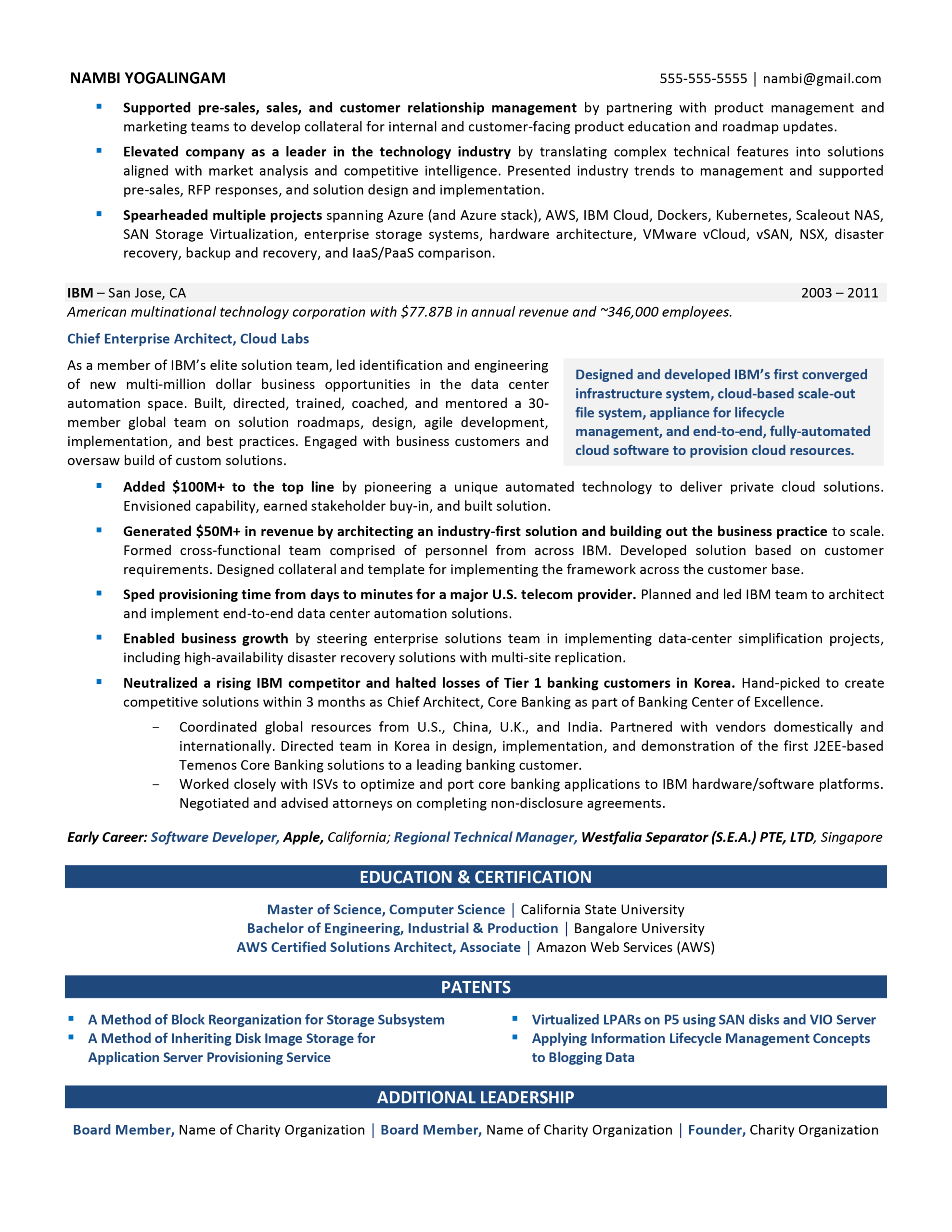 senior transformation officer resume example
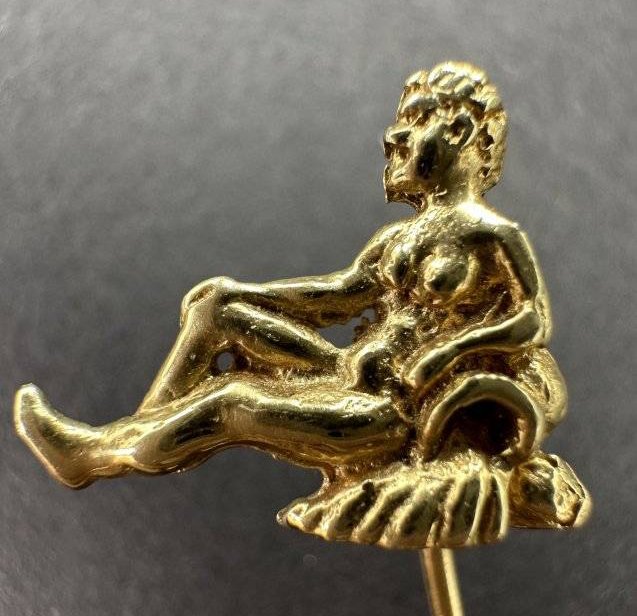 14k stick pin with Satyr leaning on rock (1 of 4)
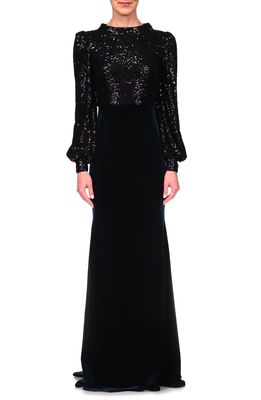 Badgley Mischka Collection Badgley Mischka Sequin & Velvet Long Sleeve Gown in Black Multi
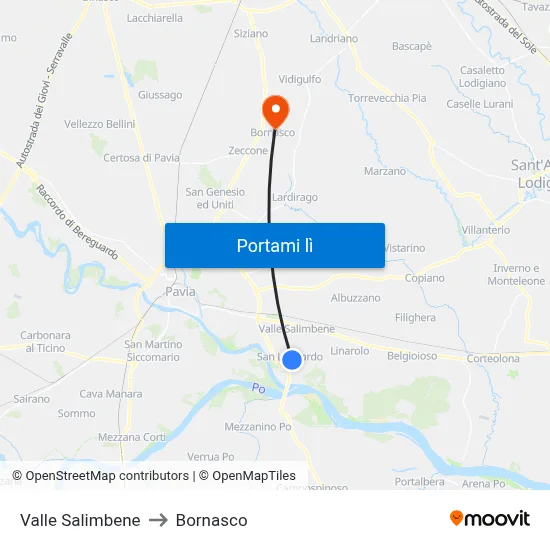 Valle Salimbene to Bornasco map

...

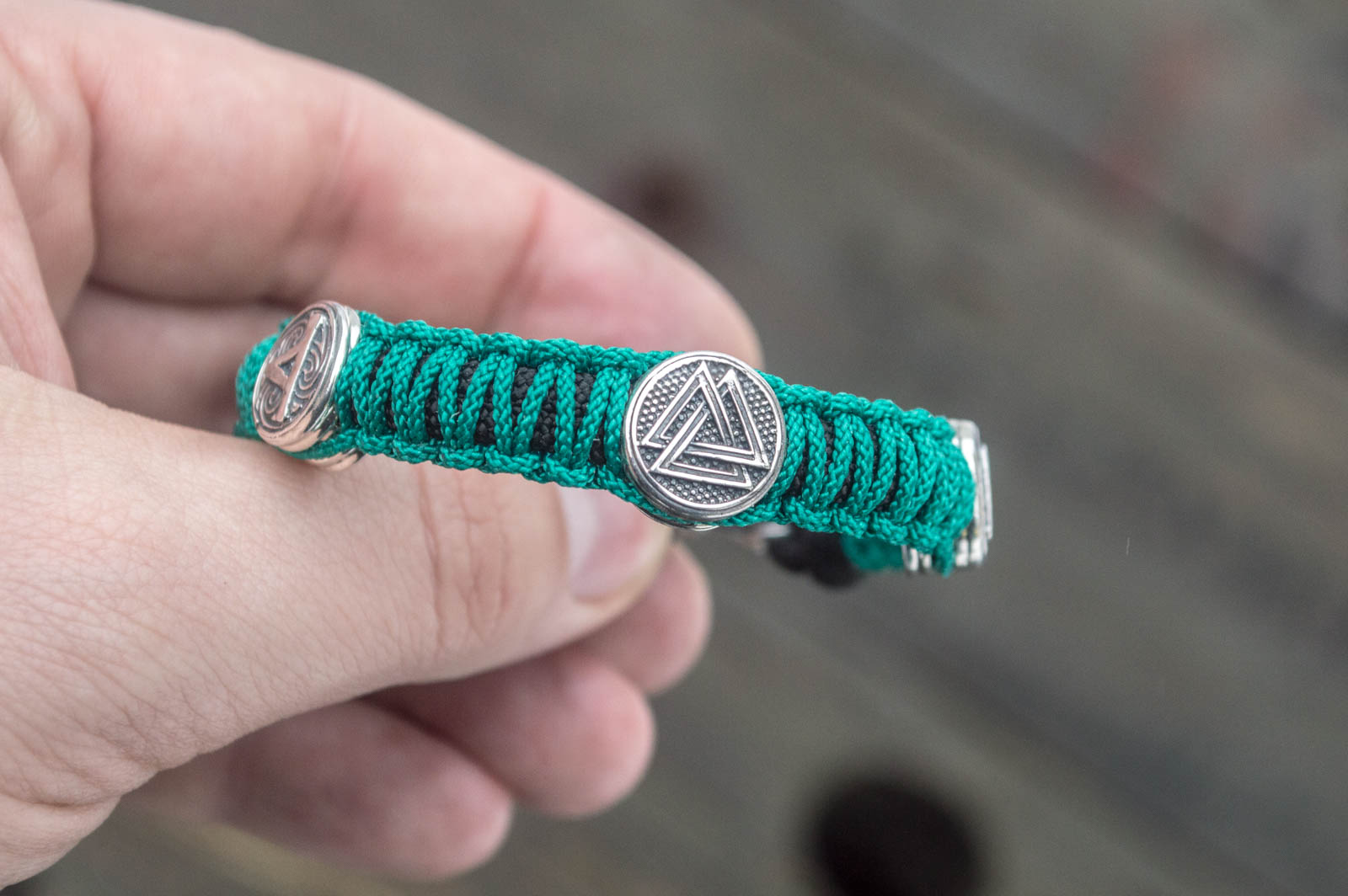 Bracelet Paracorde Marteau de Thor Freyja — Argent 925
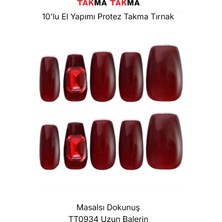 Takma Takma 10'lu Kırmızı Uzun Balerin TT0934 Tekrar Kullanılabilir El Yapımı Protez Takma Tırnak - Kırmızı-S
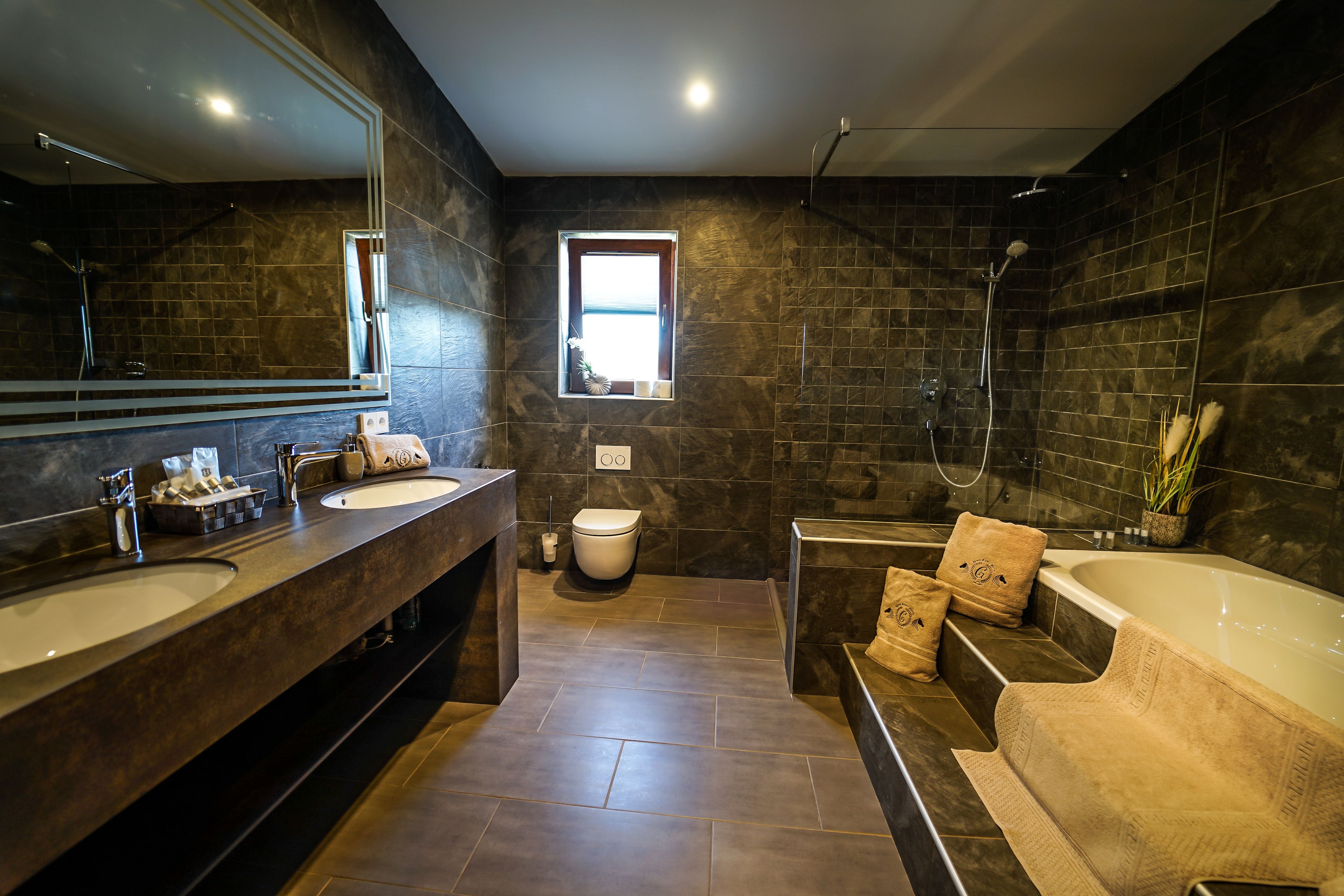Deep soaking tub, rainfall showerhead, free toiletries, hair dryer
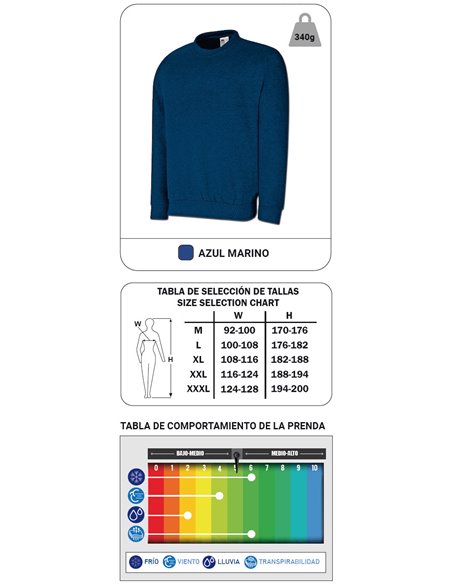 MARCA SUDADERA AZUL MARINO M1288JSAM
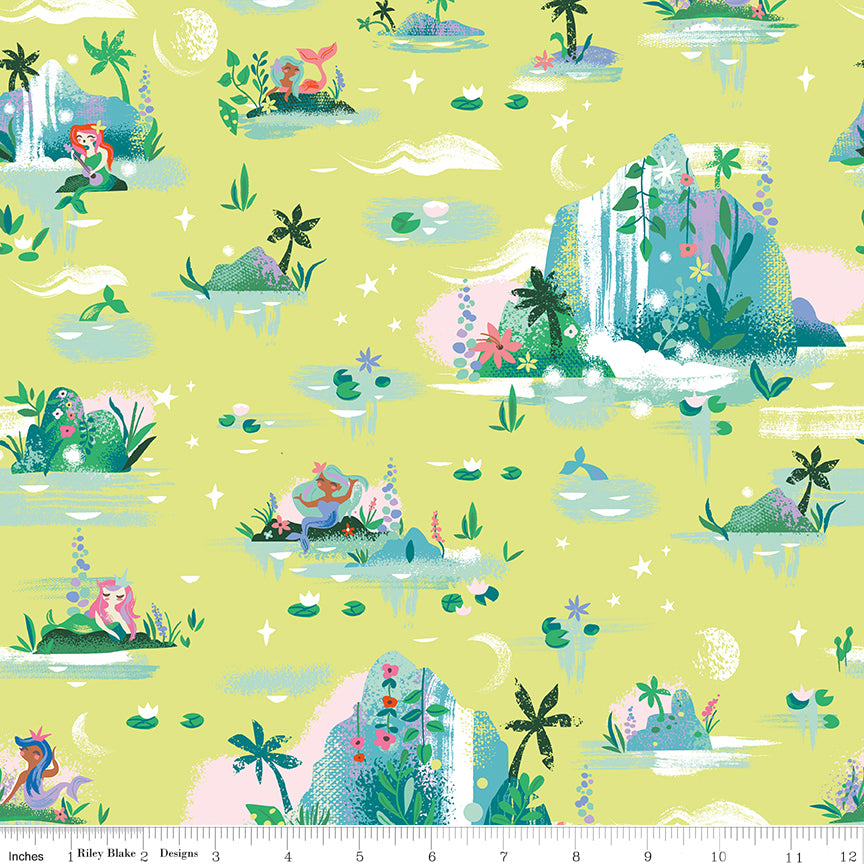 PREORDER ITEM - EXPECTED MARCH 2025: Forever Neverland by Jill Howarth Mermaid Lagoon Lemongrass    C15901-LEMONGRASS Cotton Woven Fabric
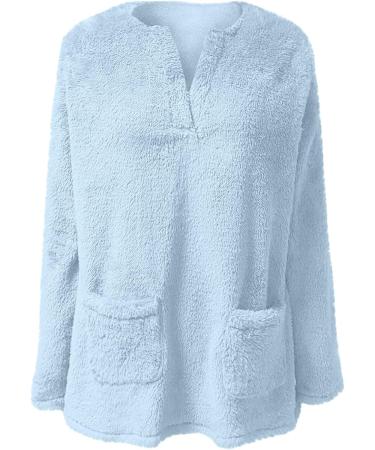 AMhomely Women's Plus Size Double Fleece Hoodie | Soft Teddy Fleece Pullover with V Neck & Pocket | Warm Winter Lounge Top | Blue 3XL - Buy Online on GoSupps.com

--

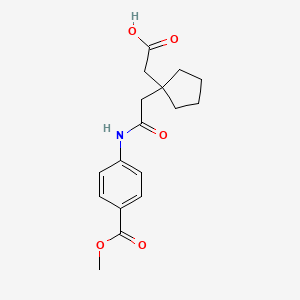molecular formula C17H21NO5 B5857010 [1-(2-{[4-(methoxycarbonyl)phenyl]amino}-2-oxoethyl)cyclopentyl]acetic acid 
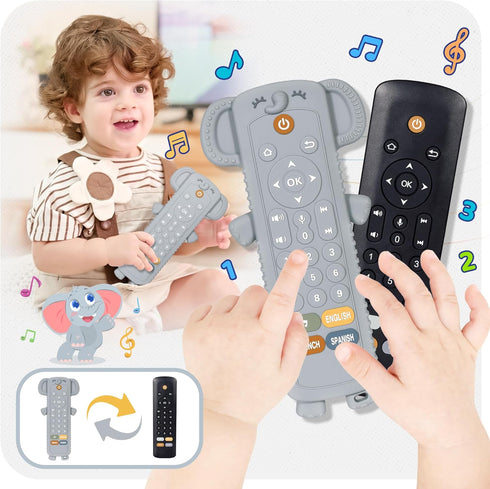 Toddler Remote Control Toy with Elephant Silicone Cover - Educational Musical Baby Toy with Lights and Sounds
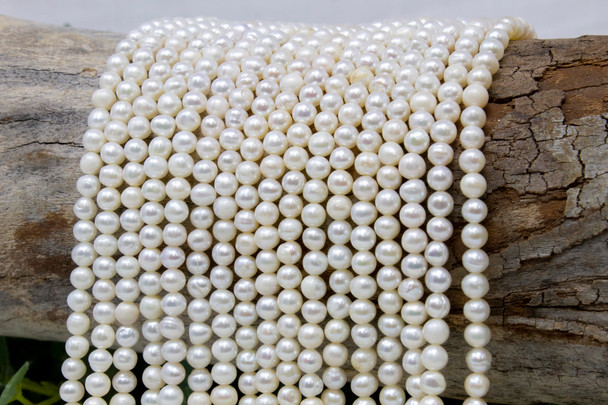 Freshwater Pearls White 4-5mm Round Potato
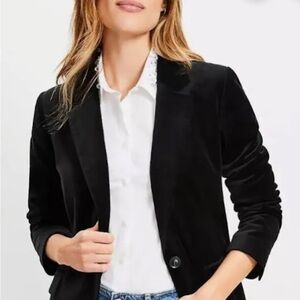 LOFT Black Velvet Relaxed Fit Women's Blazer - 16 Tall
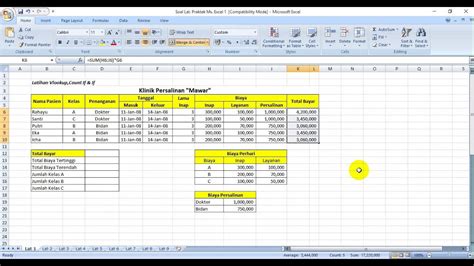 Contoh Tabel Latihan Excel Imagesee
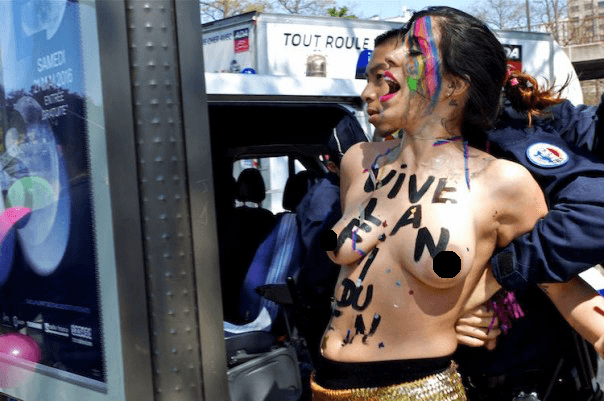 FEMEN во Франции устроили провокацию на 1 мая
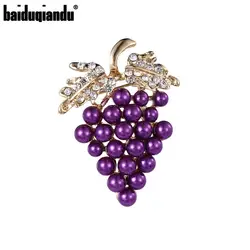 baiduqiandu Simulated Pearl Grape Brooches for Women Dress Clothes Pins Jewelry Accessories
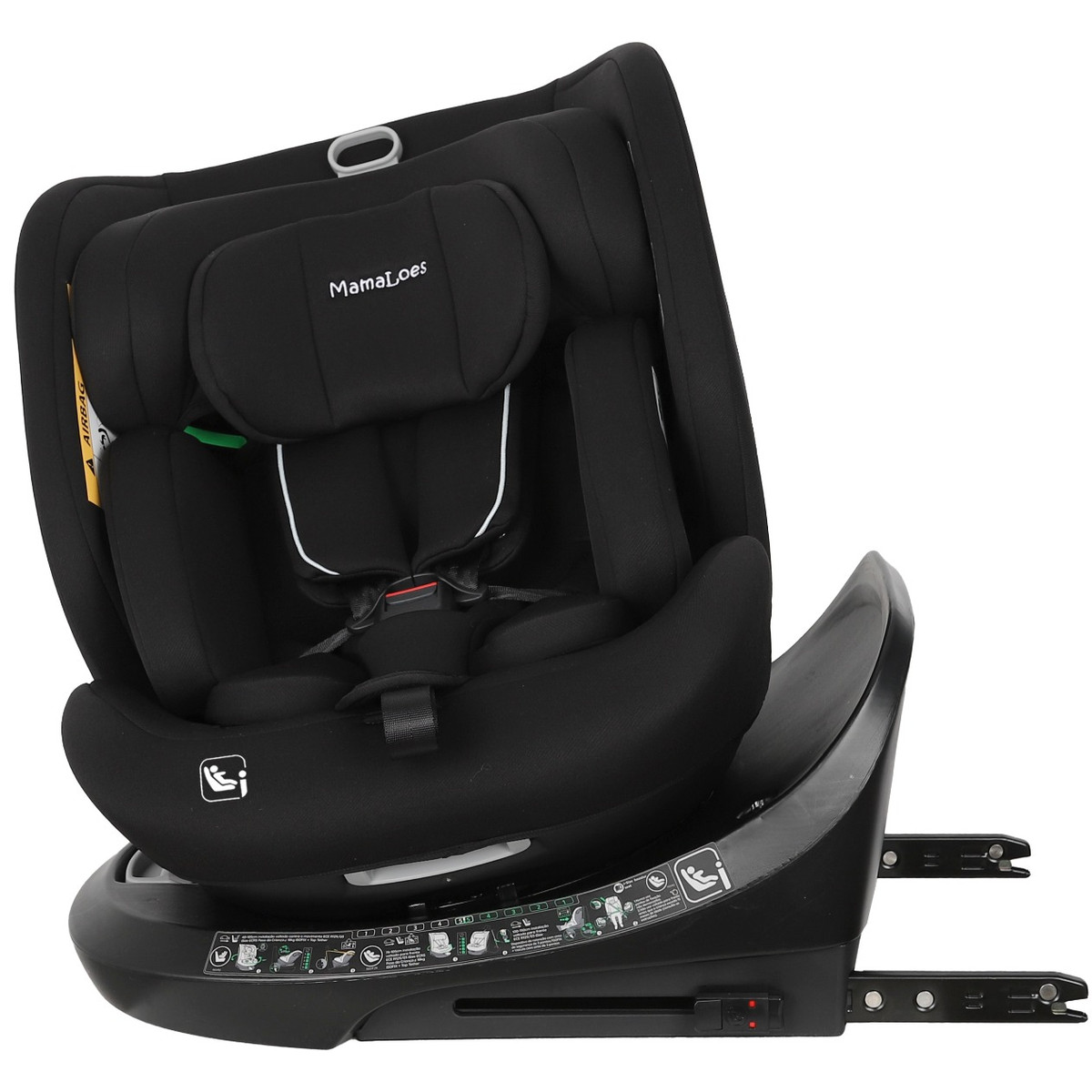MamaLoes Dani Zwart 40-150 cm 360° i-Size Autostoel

## PROBLEM TO SOLVE
For this exercise, return exactly the lines above from the line with "senior transformation officer resume example" through the line with "Valle Salimbene to Bornasco map", both included. Do not copy the pictures.

## RESPONSE TO THE TASK
 senior transformation officer resume example
 14k stick pin with Satyr leaning on rock (1 of 4)
 Badgley Mischka Collection Badgley Mischka Sequin & Velvet Long Sleeve Gown in Black Multi
 Valle Salimbene to Bornasco map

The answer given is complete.